Records to process

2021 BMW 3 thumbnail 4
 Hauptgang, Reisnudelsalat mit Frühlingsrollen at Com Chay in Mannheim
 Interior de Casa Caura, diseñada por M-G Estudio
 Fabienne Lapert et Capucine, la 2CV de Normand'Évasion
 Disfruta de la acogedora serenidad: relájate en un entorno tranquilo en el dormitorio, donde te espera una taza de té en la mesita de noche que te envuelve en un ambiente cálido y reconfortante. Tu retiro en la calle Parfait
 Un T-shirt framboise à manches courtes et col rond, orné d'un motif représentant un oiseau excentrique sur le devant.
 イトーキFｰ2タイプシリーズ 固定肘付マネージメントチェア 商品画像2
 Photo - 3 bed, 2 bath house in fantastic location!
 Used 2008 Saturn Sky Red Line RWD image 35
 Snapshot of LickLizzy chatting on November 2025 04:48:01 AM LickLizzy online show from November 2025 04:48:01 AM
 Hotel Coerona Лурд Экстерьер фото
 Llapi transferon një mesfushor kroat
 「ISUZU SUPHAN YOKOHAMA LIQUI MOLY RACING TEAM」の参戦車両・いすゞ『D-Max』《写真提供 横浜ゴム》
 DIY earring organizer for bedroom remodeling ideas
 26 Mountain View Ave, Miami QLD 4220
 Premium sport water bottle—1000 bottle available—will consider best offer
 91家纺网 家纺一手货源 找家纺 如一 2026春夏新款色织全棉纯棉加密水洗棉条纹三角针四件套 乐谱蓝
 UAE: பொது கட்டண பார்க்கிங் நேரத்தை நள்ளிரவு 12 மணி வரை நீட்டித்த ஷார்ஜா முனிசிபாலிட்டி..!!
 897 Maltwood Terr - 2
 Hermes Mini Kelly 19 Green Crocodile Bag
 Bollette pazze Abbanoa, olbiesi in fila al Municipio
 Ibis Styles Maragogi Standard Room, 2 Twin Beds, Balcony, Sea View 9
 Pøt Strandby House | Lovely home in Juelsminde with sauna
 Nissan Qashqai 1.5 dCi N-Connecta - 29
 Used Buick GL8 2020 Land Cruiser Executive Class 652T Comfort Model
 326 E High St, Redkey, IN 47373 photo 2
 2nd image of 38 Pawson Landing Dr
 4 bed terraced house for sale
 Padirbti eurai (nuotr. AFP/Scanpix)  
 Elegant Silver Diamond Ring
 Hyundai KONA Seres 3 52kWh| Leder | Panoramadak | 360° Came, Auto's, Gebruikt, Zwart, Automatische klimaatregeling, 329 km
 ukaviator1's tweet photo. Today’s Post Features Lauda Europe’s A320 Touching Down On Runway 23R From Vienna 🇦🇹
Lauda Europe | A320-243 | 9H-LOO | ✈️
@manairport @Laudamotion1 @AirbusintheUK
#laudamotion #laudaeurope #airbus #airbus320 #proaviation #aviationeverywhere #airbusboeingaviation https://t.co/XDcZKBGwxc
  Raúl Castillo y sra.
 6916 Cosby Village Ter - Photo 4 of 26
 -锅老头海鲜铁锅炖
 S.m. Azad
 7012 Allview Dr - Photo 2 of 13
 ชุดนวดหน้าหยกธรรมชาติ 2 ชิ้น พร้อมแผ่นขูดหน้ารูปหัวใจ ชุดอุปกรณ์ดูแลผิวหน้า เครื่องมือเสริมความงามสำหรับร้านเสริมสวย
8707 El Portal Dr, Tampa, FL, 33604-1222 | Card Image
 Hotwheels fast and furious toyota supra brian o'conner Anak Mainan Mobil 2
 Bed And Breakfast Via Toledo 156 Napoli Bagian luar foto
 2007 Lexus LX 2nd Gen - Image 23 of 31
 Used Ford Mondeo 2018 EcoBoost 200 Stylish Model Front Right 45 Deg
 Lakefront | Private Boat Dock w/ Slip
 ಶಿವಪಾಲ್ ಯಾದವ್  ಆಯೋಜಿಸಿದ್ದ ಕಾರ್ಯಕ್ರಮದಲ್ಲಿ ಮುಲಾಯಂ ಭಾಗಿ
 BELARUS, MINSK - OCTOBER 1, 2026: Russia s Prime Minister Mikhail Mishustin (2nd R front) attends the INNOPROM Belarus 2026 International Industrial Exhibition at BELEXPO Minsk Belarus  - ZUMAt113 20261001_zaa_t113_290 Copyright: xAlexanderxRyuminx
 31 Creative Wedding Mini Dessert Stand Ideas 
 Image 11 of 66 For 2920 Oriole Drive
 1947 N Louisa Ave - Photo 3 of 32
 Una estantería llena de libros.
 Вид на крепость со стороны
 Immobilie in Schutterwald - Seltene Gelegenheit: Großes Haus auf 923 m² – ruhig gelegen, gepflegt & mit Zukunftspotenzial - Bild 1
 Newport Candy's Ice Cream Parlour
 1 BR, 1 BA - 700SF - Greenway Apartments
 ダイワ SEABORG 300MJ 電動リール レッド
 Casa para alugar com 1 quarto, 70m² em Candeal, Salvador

Directions for this task
Note which lines carry the word "Used" in the material, then copy each of them.

Solution below
 Used 2008 Saturn Sky Red Line RWD image 35
 Used Buick GL8 2020 Land Cruiser Executive Class 652T Comfort Model
 Used Ford Mondeo 2018 EcoBoost 200 Stylish Model Front Right 45 Deg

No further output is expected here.